If an AI assistant ever sighs before answering our question, do we need to worry? This particular kind of question blurs the lines between fiction and software, which is why the AI lab has already put out its new program on the study of ‘model welfare’ that will examine whether advanced artificial intelligence might one day be deserving of moral consideration. I guess we officially are in the “Are we hurting our chatbots?” era.

Anthropic, the company behind the Claude family of models, has initiated a new research program that will explore the “welfare” of AI systems. This is a daring and somewhat controversial step into an uncertain philosophical ground. The aim of the program is to investigate the possibility that AI models are candidates for moral consideration in the future, and how their developers should respond if those models show signs of what Anthropic calls “distress.”

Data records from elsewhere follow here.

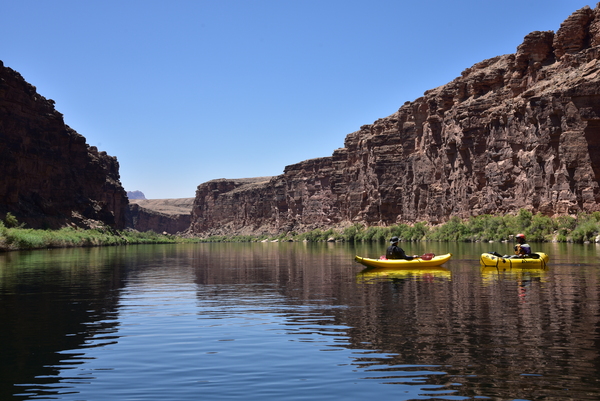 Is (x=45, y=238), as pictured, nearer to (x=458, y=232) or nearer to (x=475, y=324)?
(x=458, y=232)

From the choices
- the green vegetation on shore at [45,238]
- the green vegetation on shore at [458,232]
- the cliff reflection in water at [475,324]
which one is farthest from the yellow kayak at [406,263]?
the green vegetation on shore at [45,238]

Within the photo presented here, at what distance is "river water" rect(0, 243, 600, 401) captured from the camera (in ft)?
28.0

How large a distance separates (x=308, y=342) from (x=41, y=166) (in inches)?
3398

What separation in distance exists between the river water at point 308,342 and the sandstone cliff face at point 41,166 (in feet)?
200

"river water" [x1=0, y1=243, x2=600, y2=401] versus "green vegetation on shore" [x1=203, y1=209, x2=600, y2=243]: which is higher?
"green vegetation on shore" [x1=203, y1=209, x2=600, y2=243]

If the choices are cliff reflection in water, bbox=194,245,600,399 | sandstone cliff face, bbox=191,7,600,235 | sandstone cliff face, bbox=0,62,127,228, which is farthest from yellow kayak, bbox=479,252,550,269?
sandstone cliff face, bbox=0,62,127,228

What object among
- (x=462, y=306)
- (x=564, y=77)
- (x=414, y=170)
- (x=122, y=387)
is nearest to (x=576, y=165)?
(x=564, y=77)

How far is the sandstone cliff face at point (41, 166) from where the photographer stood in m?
76.9

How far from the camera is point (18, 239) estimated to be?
55.4 meters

To study the “model welfare”, Anthropic’s research project will evaluate whether or not the advanced AI models may ever deserve some degree of moral consideration. The program will examine any signs for AI distress, ethical risk, or low-cost intervention avenues. Although no scientific consensus supports the view that AI is conscious, Anthropic wishes to approach the matter with “humility” and with as few assumptions as possible. The company said in a blog post,

“In light of this, we’re approaching the topic with humility and with as few assumptions as possible. We recognize that we’ll need to regularly revise our ideas as the field develops”.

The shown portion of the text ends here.